C’est une installation la plus propre possible, avec les kexts et patch seulement dans la partition EFI, c’est ce qui nous permettra d’avoir une partition système identique ou presque à un vrai macOS. Pour ça j’ai essentiellement utilisé le guide de Dortania disponible sur GitHub.

Glossaire

Si vous souhaitez vous faire un Hackintosh, il va falloir vous faire à quelques nouveaux termes. Nous verrons ici les plus importants.

  • Open Core : Open Core est le bootloader, l’outil qui vous permettra de démarrer sur macOS, mais aussi sur d’autres systèmes si vous choisissez de faire un Hackintosh multiboot (avec macOS + Windows par exemple). Les vrais macs ont un firmware personnalisé qui leur permet de démarrer macOS. Mais dans notre cas, il faudra utiliser un bootloader comme Open Core. Si vous souhaitez pourquoi Open Core plutôt que Clover, vous pouvez trouver la plupart des réponses ici.
    Mais pour résumer : Prise en charge de nombreuses versions de macOS, démarrage plus rapide, moins de correctifs, plus stables, meilleure sécurité et j’en passe !

  • Kexts – le mot « kext » est en fait la fusion de KErnel Extension, mais vous pouvez plus simplement considérer les kexts comme des pilotes/drivers pour macOS. Ces fichiers devront être placés sous EFI/OC/Kexts/
    Vous pouvez retrouver l’ensemble des Kexts que j’utilise sur ce dépôt.

  • Config.plist – c’est le fichier qui dit à Open Core quoi faire. C’est une liste de propriétés au format XML (qui ressemble beaucoup au HTML) et qui constitue l’une des parties les plus importantes de la configuration de votre Hackintosh.

Maintenant que nous avons parlé des termes, attaquons un peu la forme.

Les prérequis

Je vais le répéter souvent, mais faire un Hackintosh n’est pas toujours simple. C’est pourquoi, si l’on veut que cela se passe bien, il va nous falloir quelques prérequis. Cette fois, nous allons préparer notre clé USB bootable via Windows, alors que lors de mon dernier article il était indispensable d’avoir un Mac. Nous utiliserons une autre méthode pour que ce soit accessible au plus grand nombre (et pour gagner un peu de temps).

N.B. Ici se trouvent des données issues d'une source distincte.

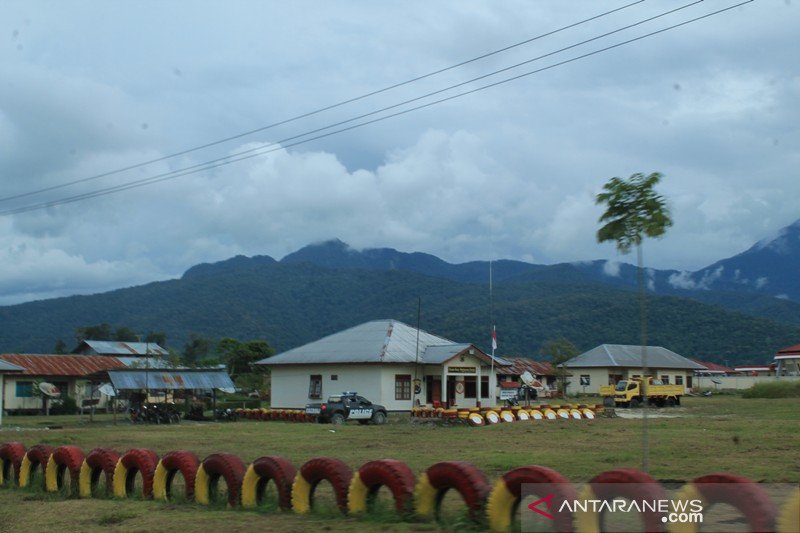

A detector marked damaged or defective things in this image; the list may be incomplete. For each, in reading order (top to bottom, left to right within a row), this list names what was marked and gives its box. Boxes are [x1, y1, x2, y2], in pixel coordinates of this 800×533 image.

rusty metal roof [0, 354, 126, 378]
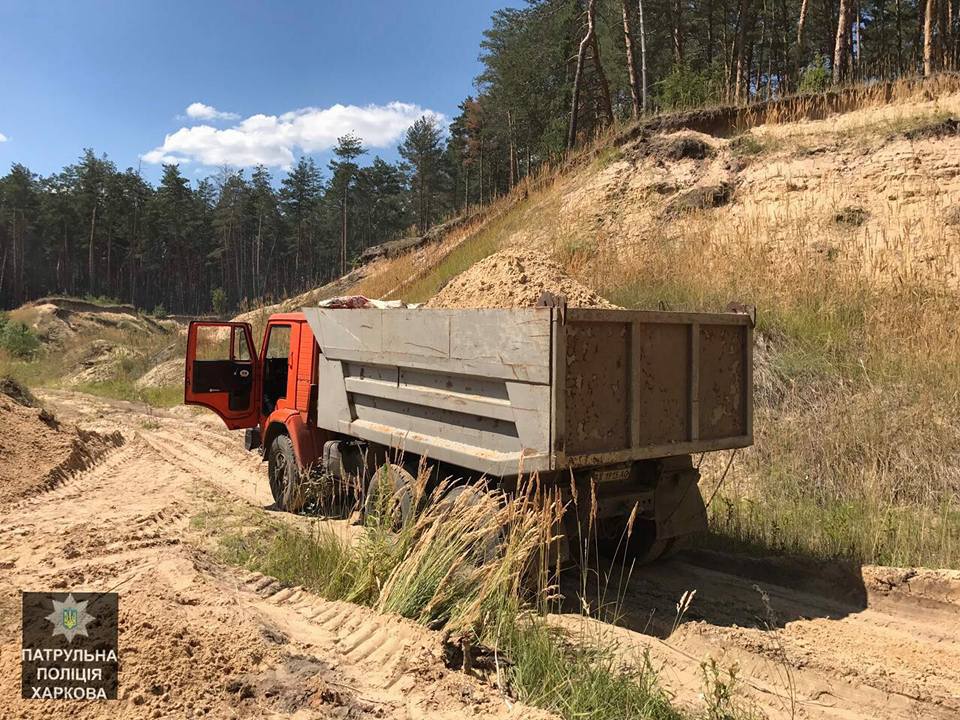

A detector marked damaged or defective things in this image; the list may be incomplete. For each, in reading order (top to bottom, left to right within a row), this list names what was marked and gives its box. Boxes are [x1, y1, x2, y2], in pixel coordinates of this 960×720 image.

Préparation de la clé USB bootable d’installation

Pour préparer la clé USB Bootable, il est en général nécessaire de passer par un mac, c’est souvent problématique puisque justement ce que l’on cherche à faire, c’est de créer notre mac ! C’est pourquoi aujourd’hui je vais vous expliquer comment créer votre clé USB Bootable Hackintosh depuis Windows plutôt que depuis un mac. Si vous préférez connaitre la méthode depuis un Mac, vous pouvez lire mon article d’il y a deux ans ou j’explique ça.

Du coup, pour éviter d’avoir à passer par un mac, on va utiliser un média déjà compilé que vous pouvez télécharger ici. Dans notre cas, nous téléchargerons la dernière version de macOS, soit macOS Monterey.

Si toute fois vous souhaitez créer votre media USB bootable vous trouverez toutes les informations dans ce guide.

Une fois votre version de macOS téléchargé, vous pouvez maintenant lancer la création de votre clé USB Bootable.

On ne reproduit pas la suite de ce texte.